(Try it)
In the material below, find the line with "Close-up of deep" and the line with "Women's beige floral", then output both and every line between them exactly, omitting pictures.

(Source records)
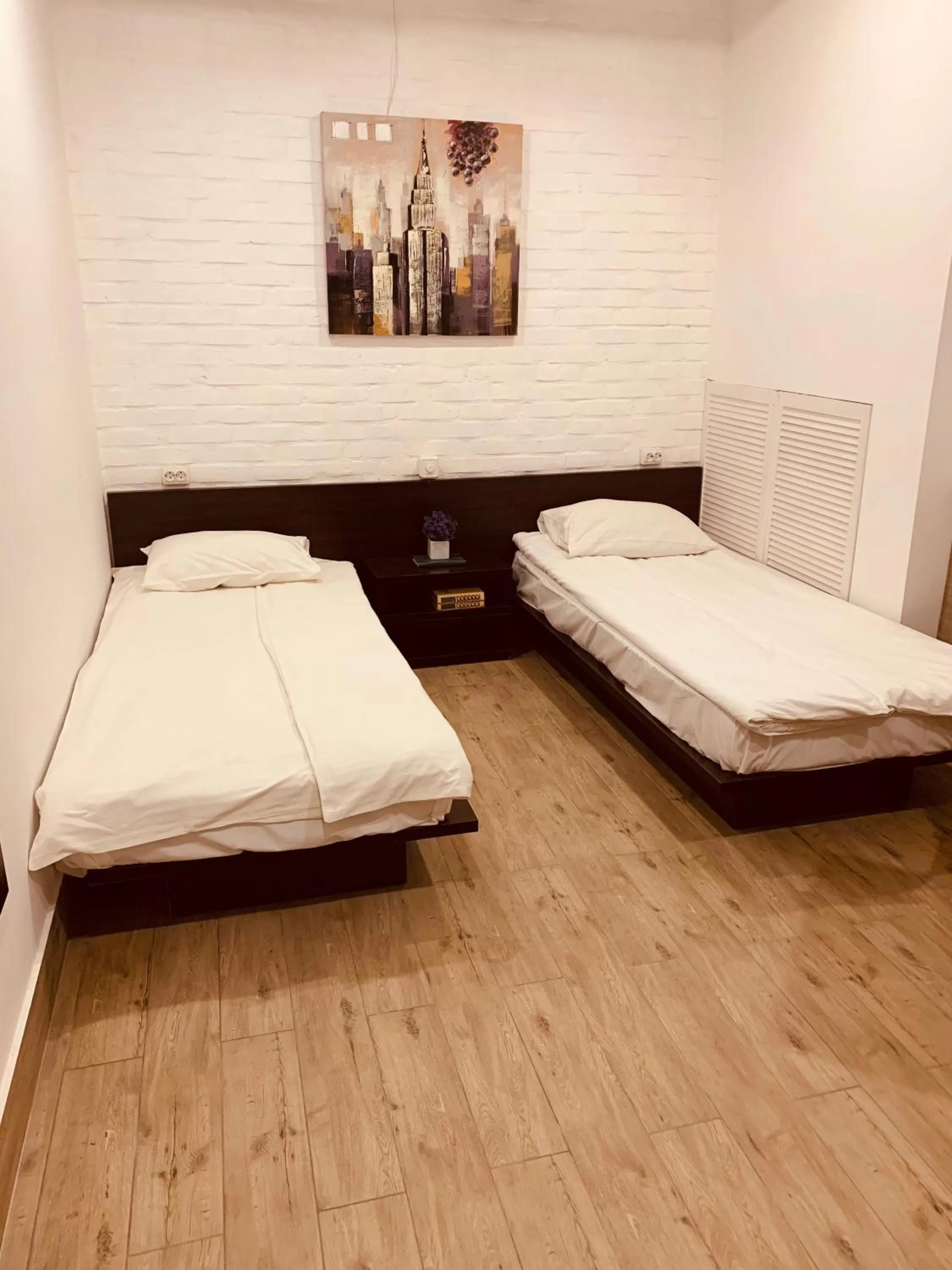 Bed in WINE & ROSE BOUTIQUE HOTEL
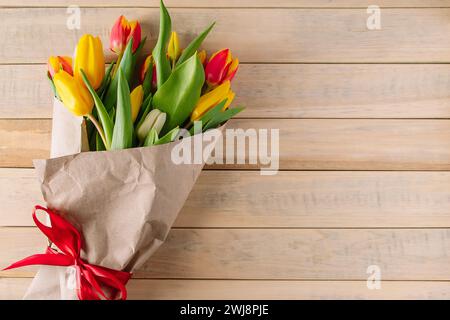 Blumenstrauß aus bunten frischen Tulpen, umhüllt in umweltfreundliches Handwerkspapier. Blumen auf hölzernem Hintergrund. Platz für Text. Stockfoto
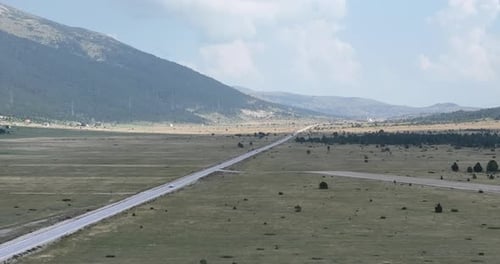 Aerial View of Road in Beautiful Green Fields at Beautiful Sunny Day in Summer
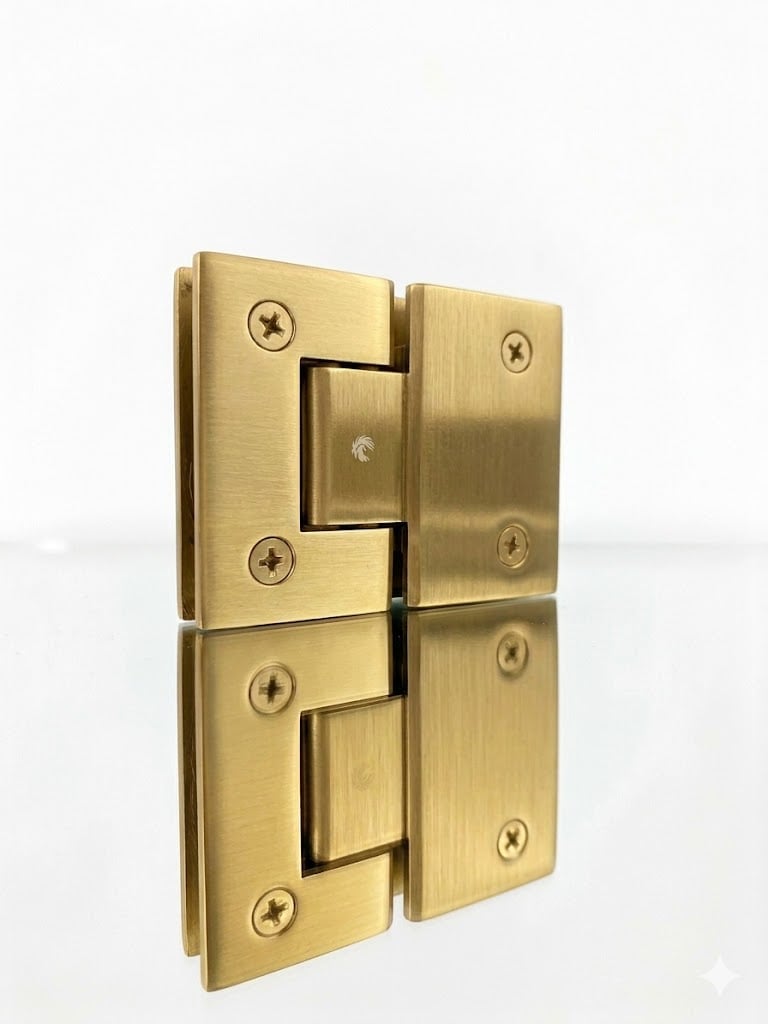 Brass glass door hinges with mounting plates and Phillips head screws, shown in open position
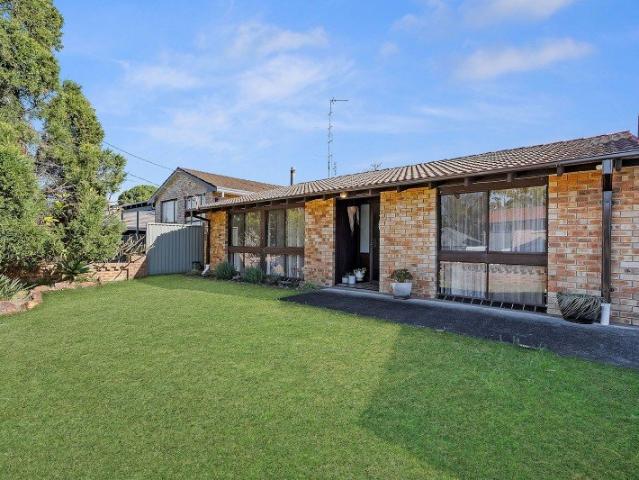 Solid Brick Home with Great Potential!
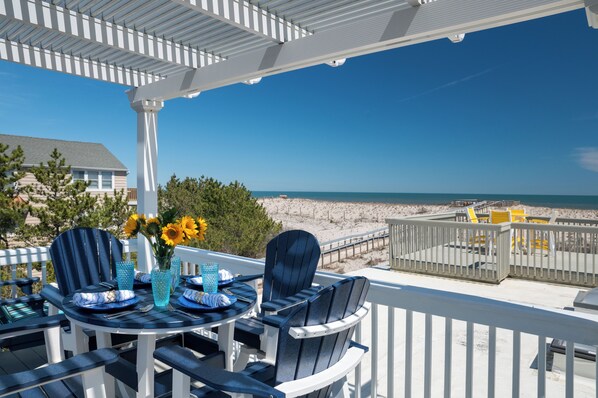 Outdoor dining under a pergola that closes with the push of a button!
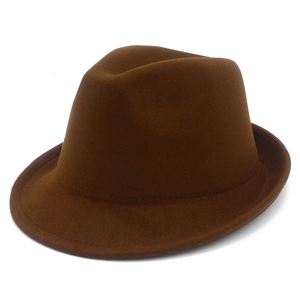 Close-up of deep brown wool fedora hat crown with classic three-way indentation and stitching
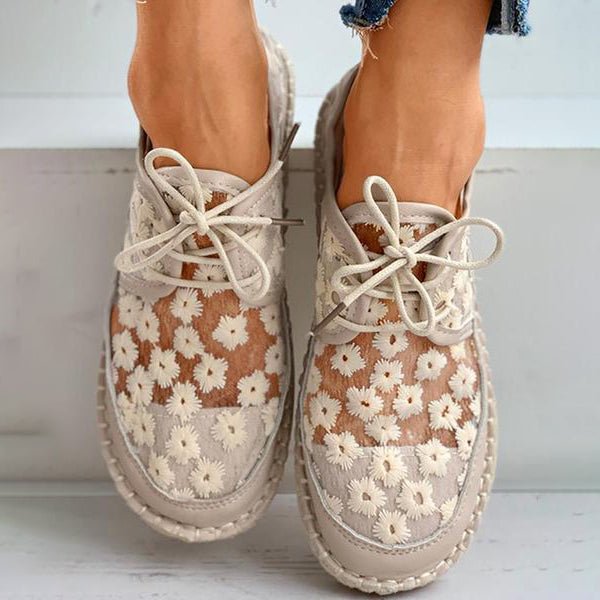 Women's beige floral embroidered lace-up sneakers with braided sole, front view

...

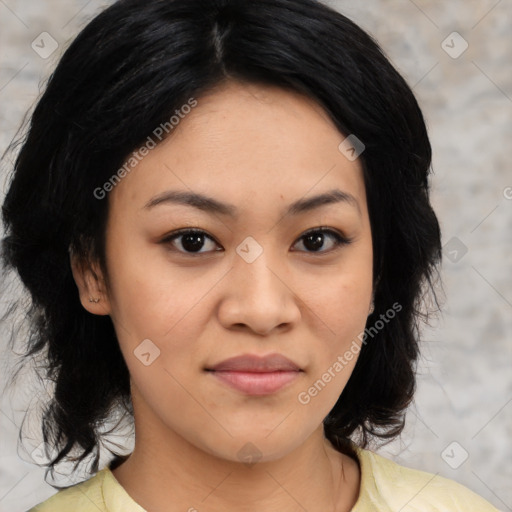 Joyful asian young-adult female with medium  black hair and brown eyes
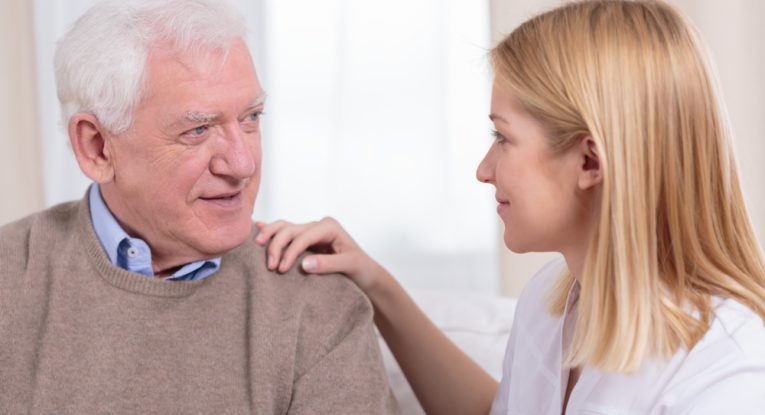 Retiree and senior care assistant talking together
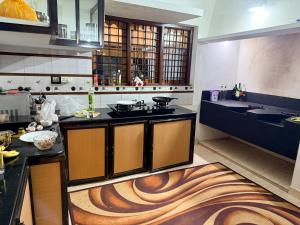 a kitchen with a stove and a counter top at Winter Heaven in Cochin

(Result of this exercise)
 Close-up of deep brown wool fedora hat crown with classic three-way indentation and stitching
 Women's beige floral embroidered lace-up sneakers with braided sole, front view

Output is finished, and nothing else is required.